By Pam Martens and Russ Martens: June 16, 2016
If you think that a referendum vote on June 23 by UK citizens on whether to withdraw from the European Union (called Brexit, short for British Exit), is simply a proxy on whether the UK should dislodge itself from the edicts of Brussels, think again. It’s morphed into a much broader debate on whether citizens worldwide should surrender their right to a participatory democracy in order to further the interests of multinational corporations, secret trade agreements packed with secret court tribunals, global banking hegemony and central banks attempting to keep all these balls in the air for their one percent overlords.
One particular central bank is sure to come under fire today. Members of the British Parliament have been warning Mark Carney, head of the Bank of England (BOE), to not engage in political lobbying on the issue of Brexit, which he is perceived to have been doing for months. Carney is already the subject of skepticism in the U.K. He’s a former Goldman Sachs executive, former Governor of the Bank of Canada and the first foreigner to run the BOE in its 300-year history. (This is reminiscent to many of how Stanley Fischer, head of Israel’s central bank from May 2005 until the end of June 2013 and before that a Citigroup Vice Chairman who was born in Zambia, is now Vice Chairman of the U.S. central bank, the Federal Reserve.)
Continuity government at central banks, like continuity government in the Oval Office, helps to ensure the perpetuation of a positive unified message on globalization as the realities of an institutionalized wealth transfer system to the one percent comes into ever greater focus by those paying attention.
Carney appears to have spit in the eye of Parliament again today with the release of the BOE’s Monetary Policy Committee statement, which was filled with a litany of horrors on what could happen if the UK leaves the European Union. The statement said in part:
“In the weeks since the May Report, an increasing range of financial asset prices has become more sensitive to market perceptions of the likely outcome of the forthcoming EU referendum. On the evidence of the recent behaviour of the foreign exchange market, it appears increasingly likely that, were the UK to vote to leave the EU, sterling’s exchange rate would fall further, perhaps sharply. This would be consistent with changes to the fundamentals underpinning the exchange rate, including worsening terms of trade, lower productivity, and higher risk premia. In addition, UK short-term interest rates and measures of UK bank funding costs appear to have been materially influenced by opinion polls about the referendum. These effects have also become evident in non-sterling assets: market contacts attribute much of the deterioration in global risk sentiment to increasing uncertainty ahead of the referendum. The outcome of the referendum continues to be the largest immediate risk facing UK financial markets, and possibly also global financial markets.
“While consumer spending has been solid, there is growing evidence that uncertainty about the referendum is leading to delays to major economic decisions that are costly to reverse, including commercial and residential real estate transactions, car purchases, and business investment…
“A vote to leave the EU could materially alter the outlook for output and inflation, and therefore the appropriate setting of monetary policy.
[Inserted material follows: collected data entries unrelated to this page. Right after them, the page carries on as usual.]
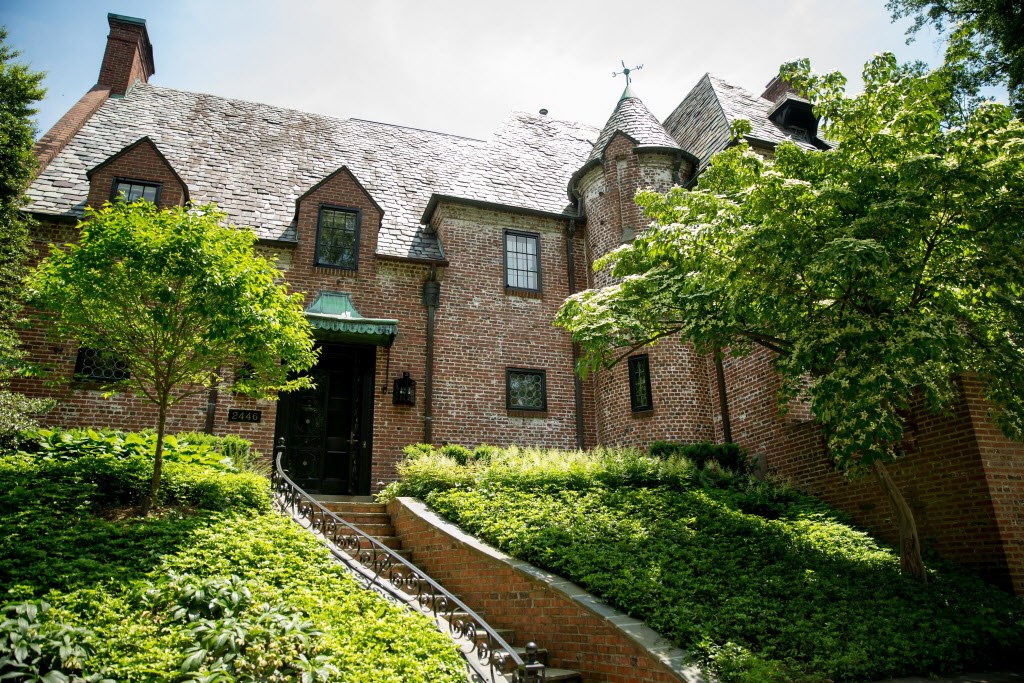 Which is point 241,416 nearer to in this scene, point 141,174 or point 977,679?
point 141,174

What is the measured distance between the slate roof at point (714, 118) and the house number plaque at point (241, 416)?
454 inches

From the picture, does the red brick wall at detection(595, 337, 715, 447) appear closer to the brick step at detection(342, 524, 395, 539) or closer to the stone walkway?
the brick step at detection(342, 524, 395, 539)

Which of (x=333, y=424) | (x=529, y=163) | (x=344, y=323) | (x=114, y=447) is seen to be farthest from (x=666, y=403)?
(x=114, y=447)

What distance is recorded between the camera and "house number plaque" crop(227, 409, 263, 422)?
1295 cm

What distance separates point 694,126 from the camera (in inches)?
731

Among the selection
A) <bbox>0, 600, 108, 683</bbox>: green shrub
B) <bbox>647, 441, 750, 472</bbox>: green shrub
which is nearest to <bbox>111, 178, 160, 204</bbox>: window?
<bbox>0, 600, 108, 683</bbox>: green shrub

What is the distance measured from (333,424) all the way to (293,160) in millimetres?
7305

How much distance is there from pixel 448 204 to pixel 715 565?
34.8 ft

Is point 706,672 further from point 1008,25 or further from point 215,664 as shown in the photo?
point 1008,25

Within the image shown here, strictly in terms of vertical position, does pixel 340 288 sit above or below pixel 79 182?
below

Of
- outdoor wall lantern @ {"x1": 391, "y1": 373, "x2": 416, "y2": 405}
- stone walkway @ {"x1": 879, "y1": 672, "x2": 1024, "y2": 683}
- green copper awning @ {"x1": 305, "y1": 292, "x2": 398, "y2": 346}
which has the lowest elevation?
stone walkway @ {"x1": 879, "y1": 672, "x2": 1024, "y2": 683}

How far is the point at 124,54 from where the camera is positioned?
1809cm

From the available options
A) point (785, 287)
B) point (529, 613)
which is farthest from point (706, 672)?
point (785, 287)

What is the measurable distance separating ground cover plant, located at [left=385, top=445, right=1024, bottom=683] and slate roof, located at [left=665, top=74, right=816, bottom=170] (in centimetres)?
886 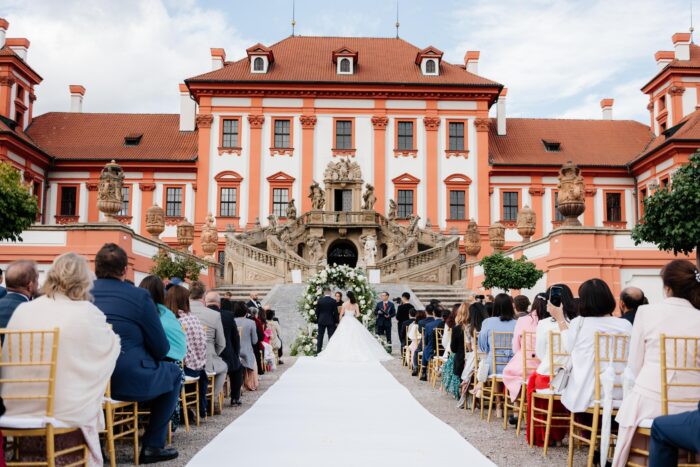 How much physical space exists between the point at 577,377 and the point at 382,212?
1327 inches

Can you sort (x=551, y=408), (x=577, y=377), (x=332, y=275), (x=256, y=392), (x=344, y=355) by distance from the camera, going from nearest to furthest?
(x=577, y=377), (x=551, y=408), (x=256, y=392), (x=344, y=355), (x=332, y=275)

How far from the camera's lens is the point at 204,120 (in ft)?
131

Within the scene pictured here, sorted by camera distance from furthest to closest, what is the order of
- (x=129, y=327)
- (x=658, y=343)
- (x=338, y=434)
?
(x=338, y=434)
(x=129, y=327)
(x=658, y=343)

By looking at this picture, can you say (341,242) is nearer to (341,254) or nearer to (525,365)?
(341,254)

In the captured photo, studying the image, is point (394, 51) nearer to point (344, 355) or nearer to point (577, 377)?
point (344, 355)

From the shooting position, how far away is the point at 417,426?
7738 mm

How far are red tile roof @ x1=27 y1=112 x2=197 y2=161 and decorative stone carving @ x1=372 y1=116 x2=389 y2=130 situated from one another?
10.0m

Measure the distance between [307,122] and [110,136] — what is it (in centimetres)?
1201

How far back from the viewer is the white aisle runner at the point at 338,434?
595 cm

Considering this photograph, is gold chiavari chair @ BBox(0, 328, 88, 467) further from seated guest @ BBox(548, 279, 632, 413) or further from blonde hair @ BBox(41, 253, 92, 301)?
seated guest @ BBox(548, 279, 632, 413)

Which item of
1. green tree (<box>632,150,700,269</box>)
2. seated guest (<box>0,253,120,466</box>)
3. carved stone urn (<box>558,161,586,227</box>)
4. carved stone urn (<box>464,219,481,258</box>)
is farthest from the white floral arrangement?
seated guest (<box>0,253,120,466</box>)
Households could defer consumption and firms delay investment, lowering labour demand and causing unemployment to rise. Through financial market and confidence channels, there are also risks of adverse spill-overs to the global economy…”
There is no question that mega banks and stock markets controlled by the mega banks’ financing of margin loans are throwing a Brexit tantrum in much the same way they threw taper tantrums when the U.S. Federal Reserve hinted it would be ending its previous Quantitative Easing program, i.e., buying up their piles of toxic debt. Global banks are accustomed to cracking their whips and throwing market tantrums until they get their way. Jamie Dimon, Chairman and CEO of JPMorgan Chase even had the temerity to visit the U.K. earlier this month and threaten his workers there with job losses if they voted in favor of Brexit. JPMorgan’s frequent partner in crime, Citigroup, has also warned workers of job cuts if the Brexit vote succeeds.
As if on cue, U.S. mega banks have been selling off as polls show voters planning to vote in favor of leaving the EU have taken a six-point lead. This morning in New York markets, JPMorgan Chase, Citigroup, Bank of America, Goldman Sachs, and Morgan Stanley are all trading in the red. Bloomberg News is reporting that two large European banks, Credit Suisse and Deutsche Bank, which also have a heavy footprint on Wall Street, have slumped to all-time record lows this morning.
Other central bankers are also doing their part to shore up the scare campaign. Yesterday, Fed Chair Janet Yellen along with the heads of the Bank of Canada, Bank of Japan and Swiss central bank all alluded to disruptions to the global economy if the U.K. leaves the European Union.
What these central bankers and mega banks really seem to be saying is that referendums where citizens actually get to vote on shaping their democracy and economic destiny don’t fit neatly with our plans for the new world order.